10 Things You Absolutely Must Know About Hard Money

  1. fixer upper“Hard” money doesn’t mean “stupid” money. The hard money lender wants to be paid back on time and doesn’t want to foreclose. Hard money lenders are no different than any other lender in that regard.
  2. Hard money is an important player in the real estate industry. Hard money is used to acquire and renovate properties that traditional banks won’t touch in the property’s existing condition. Once the property is renovated and brought into proper condition, buyers can find financing anywhere.
  3. Hard money loans require more down payment, higher interest rates and closing costs. You might expect to put anywhere from 30-50 percent down, pay three to five points in addition to traditional closing costs. These costs must be considered when evaluating a potential acquisition.
  4. A clear exit strategy is a must for both you and the hard money lender. The lender needs to understand how the loan will be paid back. Will you obtain a conventional loan to replace the hard money or sell the property to pay back the investor?
  5. Hard money loans are for a very short term, some as short as 90 days. The hard money lender will extend the loan for as long as needed to buy, renovate and flip the property. If renovations are taking longer than expected, hard money lenders can write up a loan extension, for a fee.

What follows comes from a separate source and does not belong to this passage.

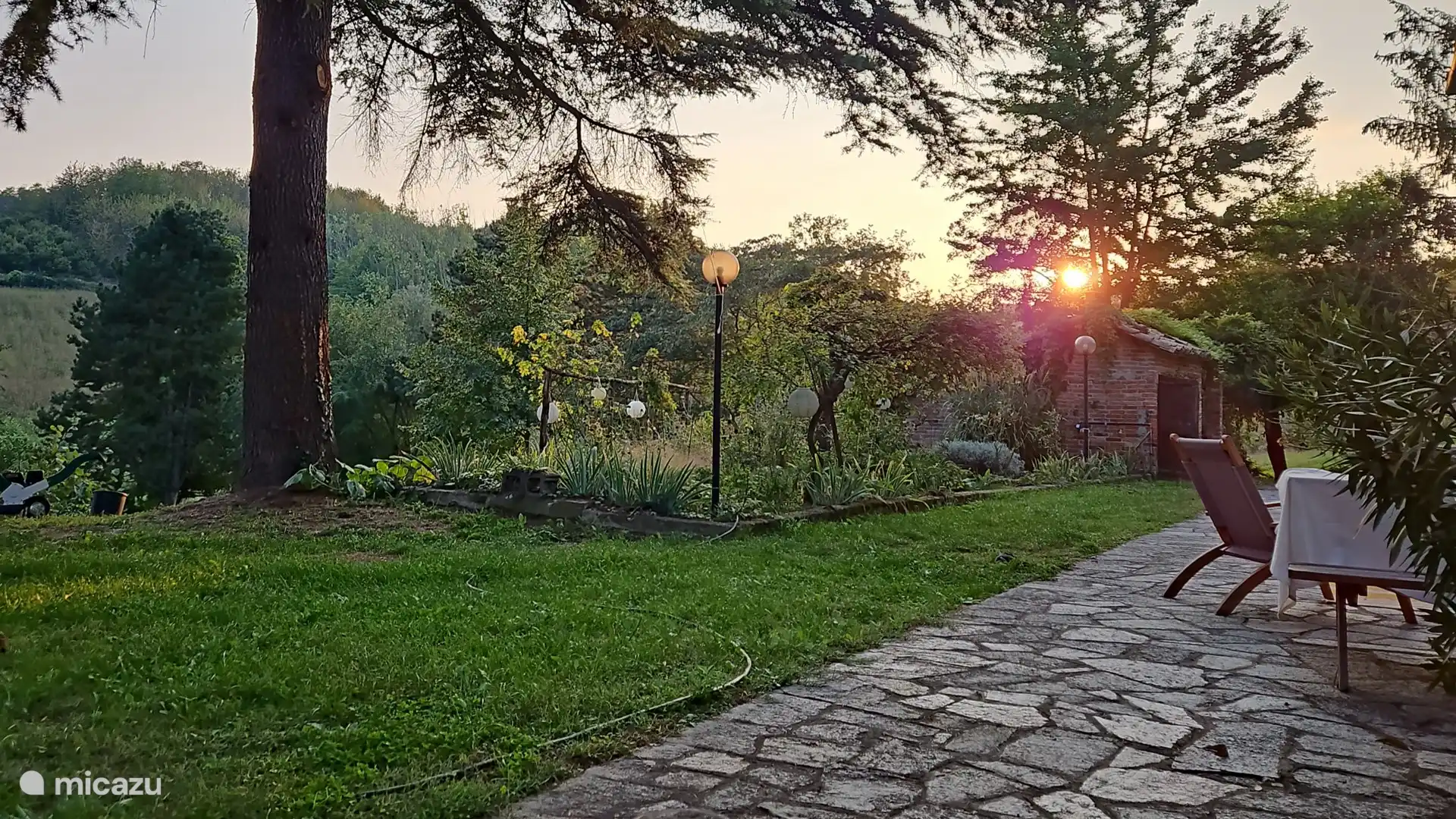 Voor het huis kijk je heerlijk weg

  6. Different hard money lenders will have different preferences for property types. Some hard money lenders may only like to finance single family residential rehabs while others will finance a strip mall or an apartment building.

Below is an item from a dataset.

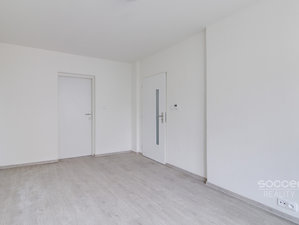 Pronájem bytu 2+1 46 m² Milovice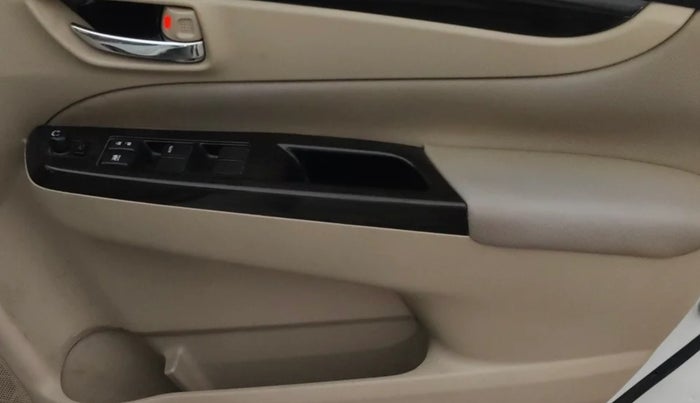 2016 Maruti Ciaz ZXI AT, CNG, Automatic, 85,876 km, Driver Side Door Panels Control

  7. Don’t start shopping for a hard money lender once you’ve found a property. Plan way ahead. Before making an offer on any property that needs a hard money loan, review the prospect with at least one hard money lender to see if it’s a viable deal.
  8. Because hard money lenders can go after particular properties, if one hard money lender declines your proposal, keep going. If the deal makes sense and you can back it up with documentation, you’ll find a hard money lender.
  9. Hard money lenders get their money in three primary ways: solicit investment funds from individuals to finance a lending pool, solicit funds from individuals as each potential project arises and obtaining short term funds from a conventional bank. Sometimes hard money lenders want to make a loan but the funds aren’t readily available.
  10. When hard money lenders solicit individual investors for a project, the individual investors can decide on their own whether or not to invest. They’re not obligated to finance anything they don’t like and use their own due diligence to review a project even after the hard money lender has approved the project.